Muhammad dan salah satu saudaranya menderita luka serius. Meskipun ia tidak kehilangan penglihatannya, ia kehilangan dua matanya. Dokter mengatakan bahwa ada sedikit kesempatan ia akan bisa melihat cahaya lagi melalui donor mata atau mata buatan.
Setelah lima saudaranya sudah mulai pulih dan meninggalkan rumah sakit, ibunya merasa hatinya terbagi menjadi dua bagian; satu sisi ingin tinggal dengan Muhammad dan sisi lainnya ingin tinggal dengan saudaranya yang lain yang terluka parah di departemen yang berbeda di rumah sakit itu.

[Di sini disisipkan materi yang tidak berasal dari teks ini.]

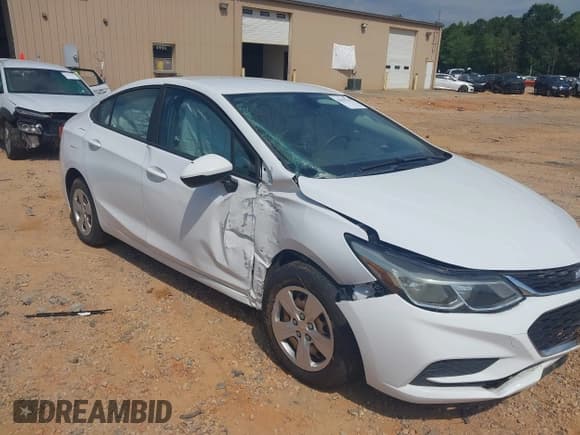 ✅ 2017 Chevrolet Cruze LS • VIN: 1G1BC5SM4H7108551 • Lot: 42629744. Listed on IAAI with 67,874 mi. Free auction sales archive from the USA and detailed vehicle history report at DreamBid. Image 1.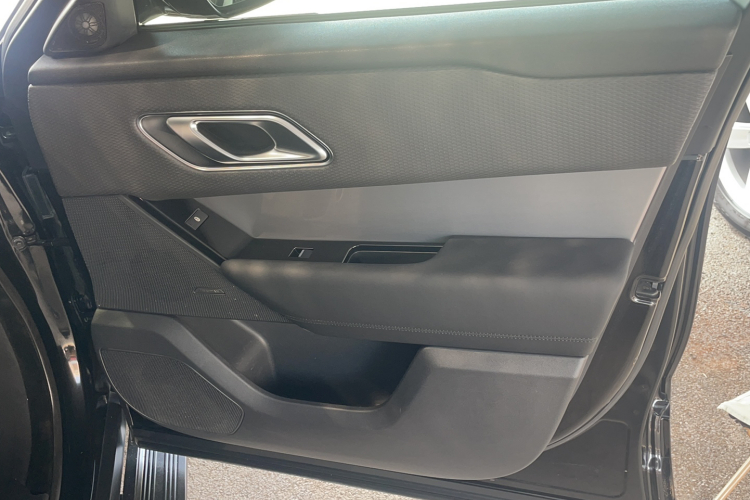 路虎 揽胜星脉 2020款 P250 R-DYNAMIC S中控内饰7012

Selama 34 hari perang di Gaza, pendudukan “Israel” telah menewaskan sekitar 1.900 warga Palestina dan melukai sekitar 9.000 orang. Sebagian besar dari mereka, menurut statistik PBB, adalah warga sipil. Setidaknya 400 anak-anak yang meninggal dalam serangan itu.

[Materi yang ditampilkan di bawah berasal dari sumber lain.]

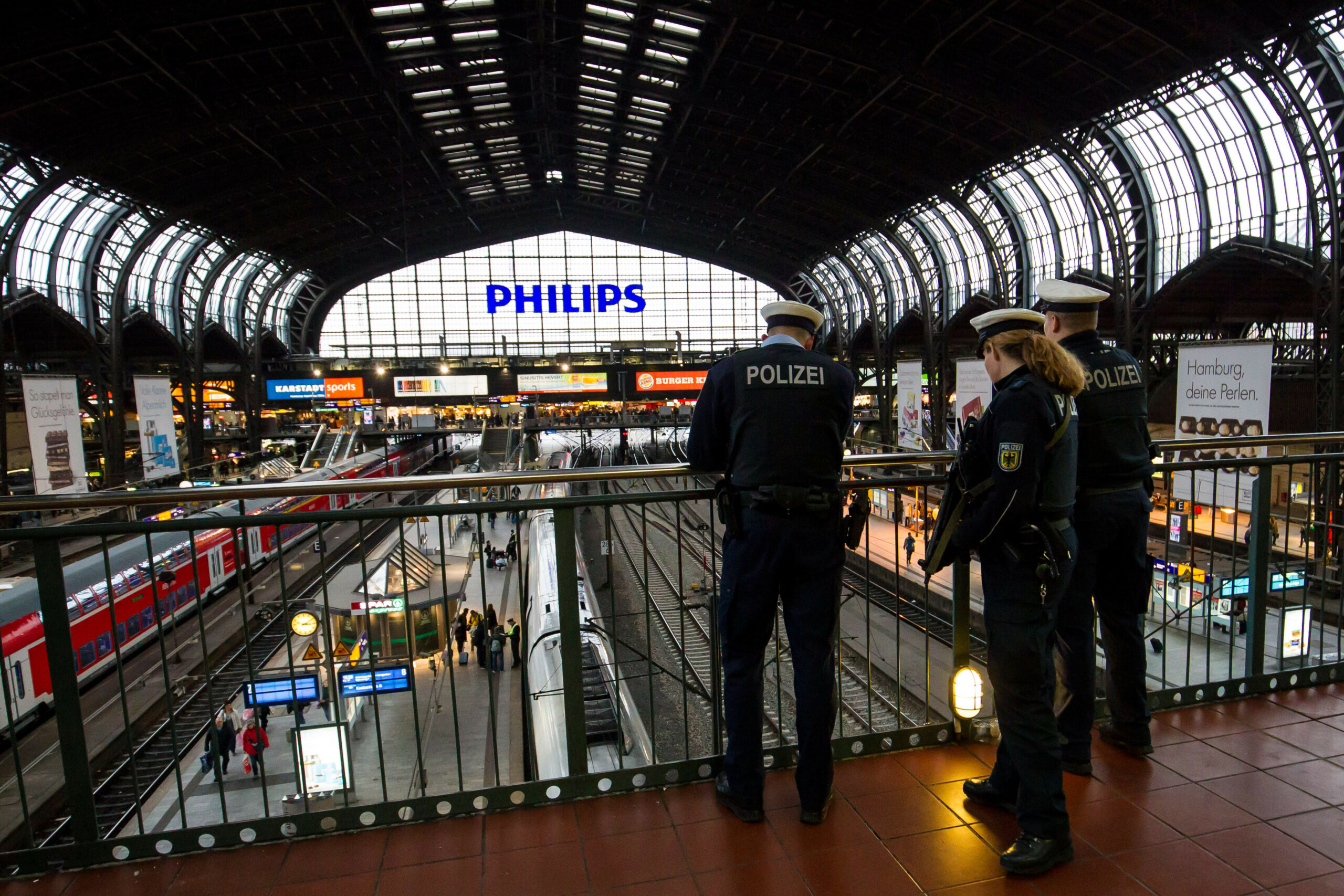 Mann fragt Bundespolizisten im Hauptbahnhof zu Einzelheiten des Waffenverbot. Er selbst hatte einiges verbotene Waffen dabei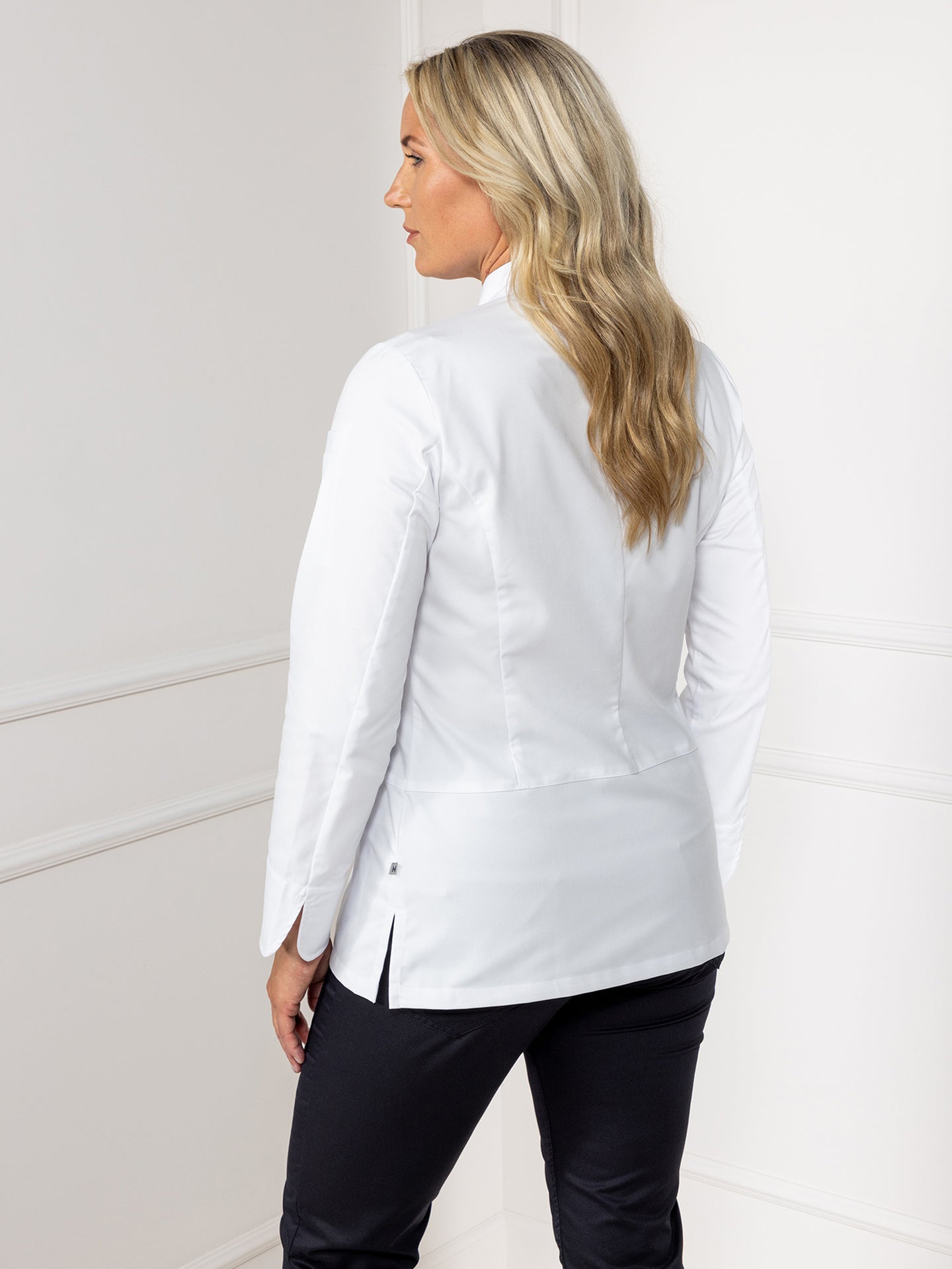 Light Gray Lynn White Le Nouveau Chef Light Gray Lynn White Le Nouveau Chef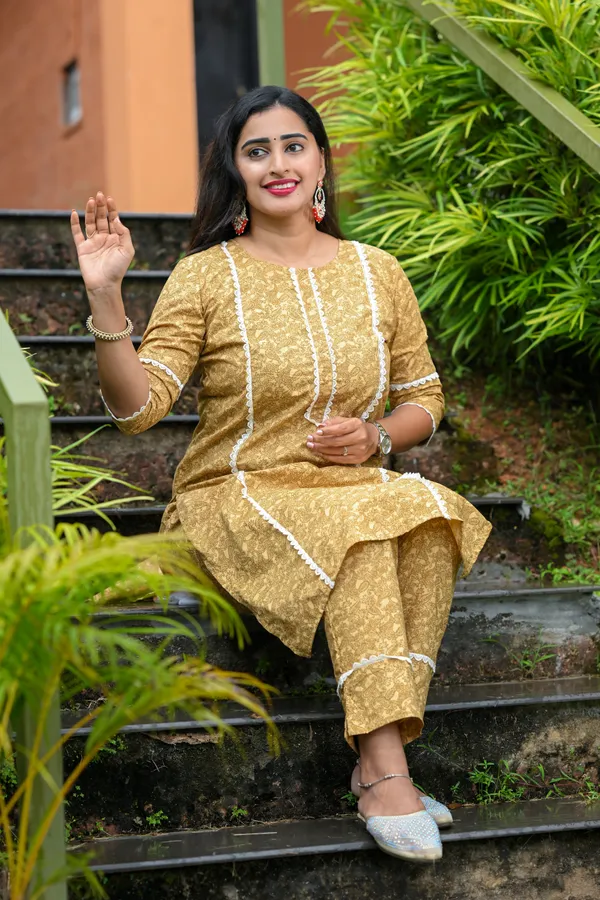 Aarna_Cotton_Kurti_With_Pant_Kurta_Set_For_Women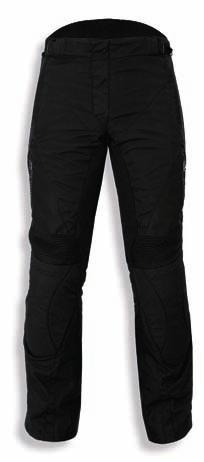 PANTALONI IN TESSUTO_TEXTILE PANTS BORA AIR 120725 10101 ITALIANO Descrizione: Pantalone estivo tecnico per uso Touring e Offroad. Materiali: Tessuto esterno 100% Poliestere 600 D.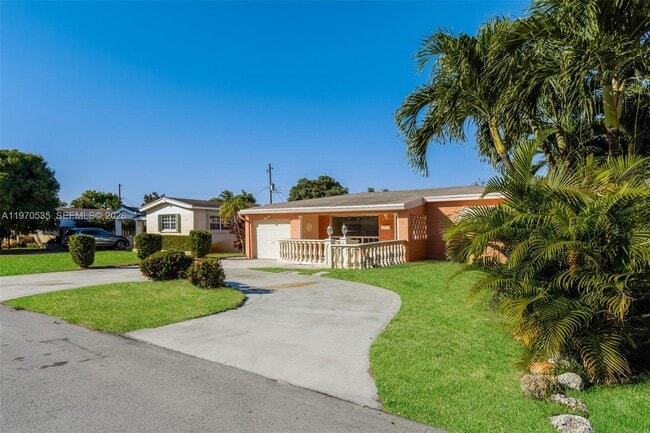 Photo - 7619 Kismet St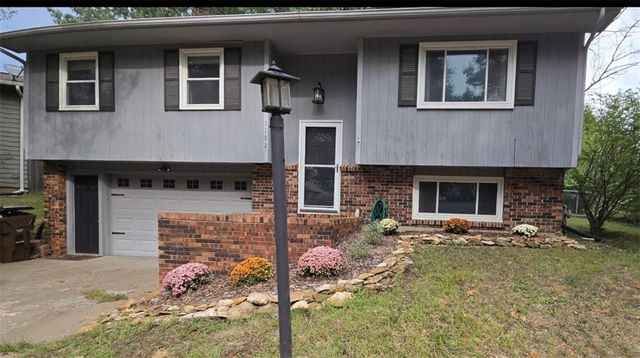 1112 Randall Road, Lawrence, KS 66049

Kisah Muhammad menjadi terkenal di kalangan warga Palestina dan di luar negeri. Banyak dokter dan badan amal yang menawarkan bantuan untuk mengobatinya dan membantunya agar bisa melihat cahaya lagi, dan berharap bahwa suatu hari Muhammad akan melihat wajah ayah dan ibunya lagi.
Tapi di tengah melambungnya harapan ini, penjajah “Israel” membunuh ayah Muhammad pada Sabtu pagi (9/8) saat dia sedang melakukan shalat subuh di Masjid Al-Qassam di Kamp pengungsi Al-Nusairat. Sebuah roket F16 “Israel” menghantamnya saat dia sedang shalat, menewaskan lima orang dan melukai sekitar sepuluh orang.
Nidal Badran, ayah Muhammad, adalah salah satu di antara jamaah shalat subuh yang meninggal. Sekarang Muhammad telah benar-benar kehilangan harapan untuk bisa melihat wajah ayahnya lagi. Semoga Muhammad suatu hari bisa melihat wajah ibu yang dicintainya.